With his new HBO show Any Given Wednesday set to premiere in a few weeks, Bill Simmons is the subject of a lengthy cover story in the latest issue of The Hollywood Reporter. The piece takes a deeper look into Simmons’ journey from ESPN and Grantland to the HBO venture and his new website, The Ringer. Not surprisingly, Simmons didn’t hold back when his former employer was brought up.
Since his ugly divorce with the network last year, Simmons has frequently jumped on opportunities to bash The Worldwide Leader for the way their relationship deteriorated. There are several interesting snippets from THR‘s feature, in which not a whole lot of punches were pulled.
A year removed, the emotions still are palpable. “[Those people] were just trying to cause trouble,” says Simmons. “It was f*cking high school.” (ESPN declined comment for this story.)

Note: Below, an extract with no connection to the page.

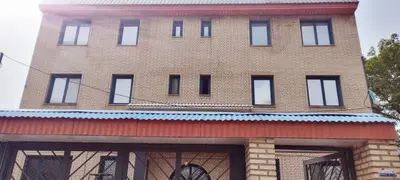 مجتمع اقامتی الموت - واحد سه تخته 1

Simmons, being Simmons, retaliated in kind, firing off an email that he was pulling out of the network’s upcoming coverage of the NBA draft. Knowing things would escalate from there, he says he had planned to go in the following day and inform the staff at his ESPN-backed media site, Grantland, that the likelihood of him remaining at the company was slim.
He never would get that chance. Simmons woke up the next morning to a New York Times report that his contract would not be renewed. […] Simmons, who had been at the company for 14 1/2 years, was blindsided. “It was f*cking shitty,” he says, having caught the news, as many of his employees did, on Twitter. “By the way they handled it, you would think I played grab-ass with some makeup assistant or something.”
Simmons also targeted the comments Skipper made late last year when he said that he was still confused about what Grantland was and how the working environment came to be.
“The way they handled [Grantland] to me is the story that hasn’t been written,” he begins, seizing another opportunity to rip his former boss for his November comments to Vanity Fair. […] “We lacked a full understanding of the bonding nature between Bill and those guys,” Skipper said at the time. Half a year later, Simmons remains stunned by the remark. “Do you understand how dumb that is?” he says now. “I hired every single person who worked for me, it was my idea, and everything we did came out of all the relationships that I had with those people.”
Then he commented on some more recent staffing changes at the company.
And then, as though still trying to settle the score, he adds of the recent rash of ESPN departures, which include Keith Olbermann and Jason Whitlock: “They’ve now gotten rid of everybody who is a little off the beaten path. Ask yourself this: ‘Who would work there that you respect right now?’ “
It’s clear that “The Sports Guy” clearly still harbors some bitterness and resentment towards his former employer, but he also seems very pleased and excited with what’s coming next, and why shouldn’t he be? According to THR, Simmons is making $7 to $9 million a year with HBO, a sizable pay raise from the $5 million salary he had at ESPN.
Who knows if he’ll ultimately have the last laugh, but he certainly seems to be enjoying his new freedom at the moment.